- EXERCISE DIRECTIONS: From the line below that contains "C&oacute;digo QR con" to the line that contains "ราคา คอมแอร์รถยนต์ ใหม่นำเข้า", repeat every line exactly, both ends included, and nothing else.

- DATA FOR ANALYSIS:

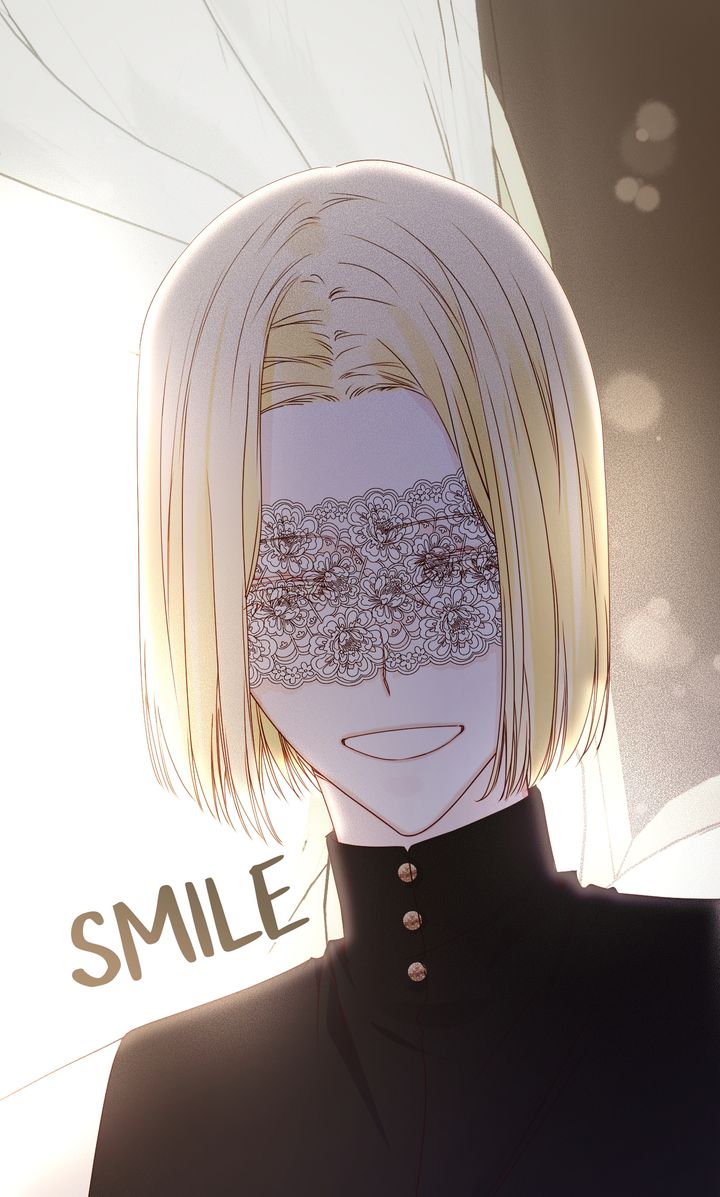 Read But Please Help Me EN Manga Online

---

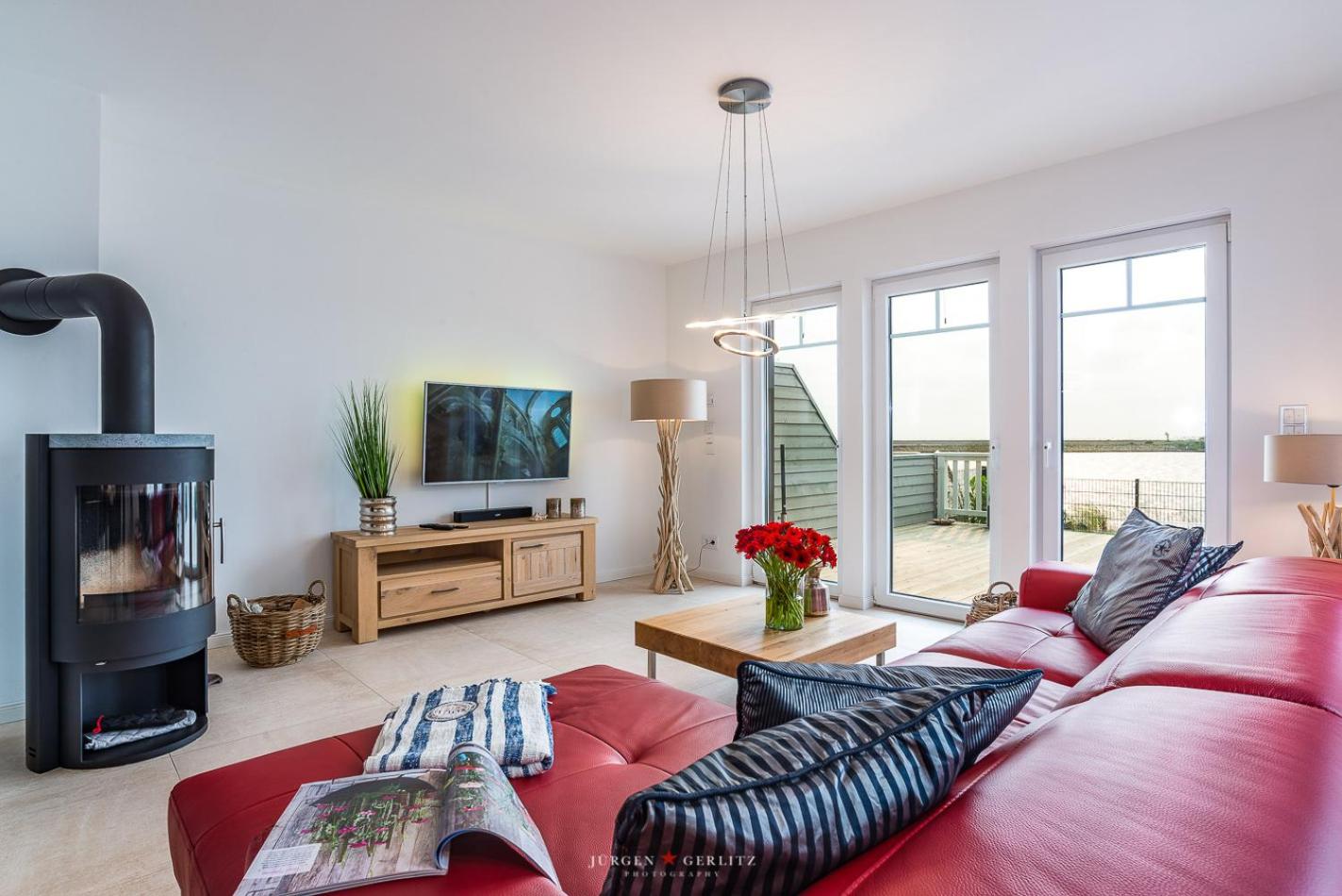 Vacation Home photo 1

--

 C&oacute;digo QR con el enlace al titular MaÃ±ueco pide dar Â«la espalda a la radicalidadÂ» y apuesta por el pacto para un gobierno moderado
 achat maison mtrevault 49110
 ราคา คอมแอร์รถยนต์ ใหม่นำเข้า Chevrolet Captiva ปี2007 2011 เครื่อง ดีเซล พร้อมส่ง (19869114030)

- EXERCISE SOLUTION:
 C&oacute;digo QR con el enlace al titular MaÃ±ueco pide dar Â«la espalda a la radicalidadÂ» y apuesta por el pacto para un gobierno moderado
 achat maison mtrevault 49110
 ราคา คอมแอร์รถยนต์ ใหม่นำเข้า Chevrolet Captiva ปี2007 2011 เครื่อง ดีเซล พร้อมส่ง (19869114030)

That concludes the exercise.